Tra la rivoluzione abortita di Perfidia e l’istituzione insensata di Lockjaw si trova la totale stasi di Bob, i cui ideali sono ormai offuscati dai fumi dell’alcool e della marijuana, mentre rimane solo qualche vecchia frase in codice ricordata a tentoni.

Un uomo stanco ma in fin dei conti sinceramente buono e amorevole, che per tornare attivo non ha bisogno più di ideologie ma di combattere una battaglia personale.

Fuori da ogni fazione o schema si trova Willa, o anche Charlene, outsider anche per quanto riguarda l’interprete, un’esordiente Chase Infiniti circondata ma non sopraffatta da volti di spicco.

E proprio l’immagine del volto di Willa/Charlene/Chase avvolta da una potente luce bianca dà il via alla seconda parte della narrazione: l’inizio di una nuova battaglia.

Lei, così simile a una madre che non ha mai conosciuto ma che impara presto a definire “infame”, lei che è praticamente nata con un fucile in mano e che per destino si è trovata a combattere una battaglia che sembra non appartenerle, ma che è il naturale proseguimento di quella combattuta dai suoi genitori.

Le colpe dei genitori sono, ahimè, ricadute sui figli, mentre Anderson fa parallelamente una dolce analisi sulla genitorialità e sulla forza dei legami acquisti.

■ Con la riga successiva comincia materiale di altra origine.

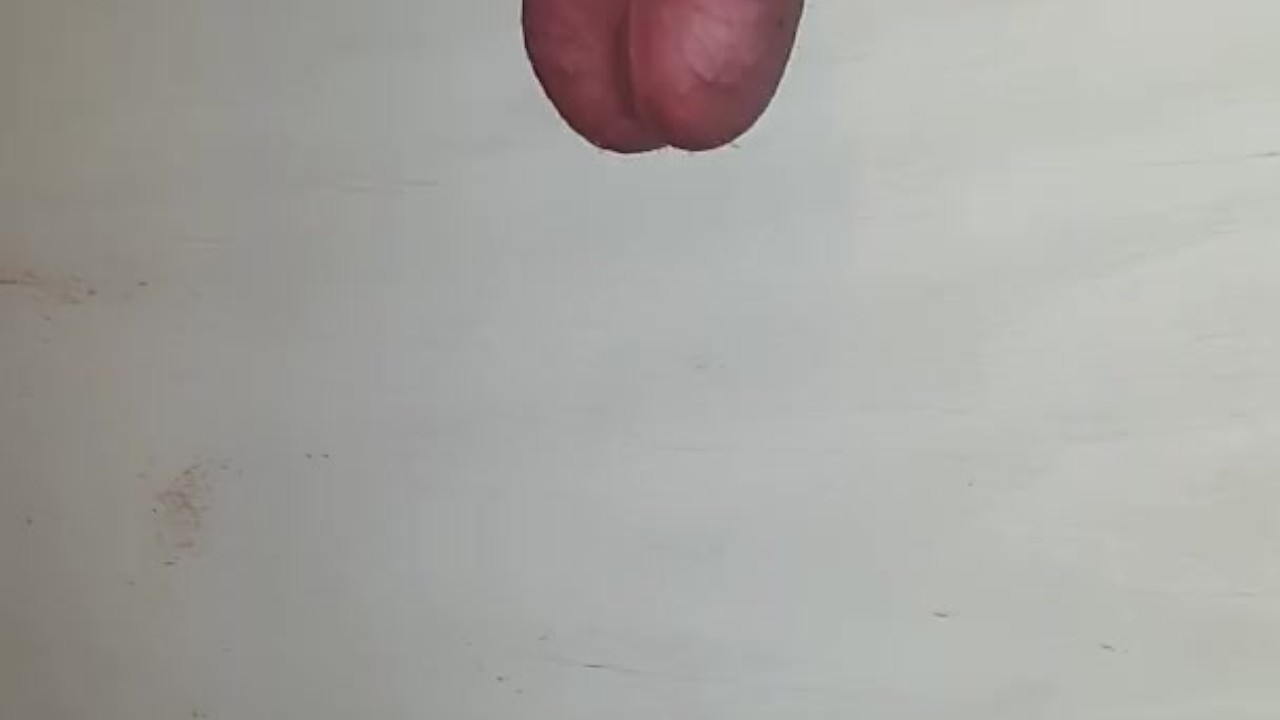 Esposa Ballbusting y bordeando en el gloryhole  - Vídeo de sexo gratis - RedTube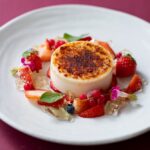 「クリームチーズのシブースト ~苺とともに~」税込み3,500円(サービス料含む)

In Una battaglia dopo l’altra le motivazioni a tratti appaiono incomprensibili, e questa è proprio l’assurdità dei nostri giorni, che deve essere decifrata da chi purtroppo si è ritrovato in mano un mondo distrutto da altri, come avviene a Willa.

La regia e la fotografia di Anderson incorniciano perfettamente questa complessa narrazione. In scene magnifiche come quella dell’inseguimento ripreso con teleobiettivi che accorciano la distanza fra le immense strade deserte che si potrebbero trovare solo in quella che resta il fulcro della narrazione: l’America.

Un paese continuamente mostrato con una luce dura e accecante, composto da spazi incredibilmente vasti, spesso desertici, spesso anche colmi di ingiustizie.

Ma le note finali sono positive, come quelle della canzone che accompagna i titoli di coda, chiamata non a caso American girl.

Anderson termina le battaglie delle vecchie generazioni per assegnarne di nuove ai più giovani, a cui affida l’arduo compito di provare a cambiare il mondo.

“La rivoluzione non sarà trasmessa in televisione” è il titolo di una famosa canzone citata anche nel film. Da quello che si sta vedendo in giro nel mondo si può sperare che però verrà trasmessa sui social, dal basso, ma soprattutto dai più giovani, in questo forse confida anche Paul Thomas Anderson.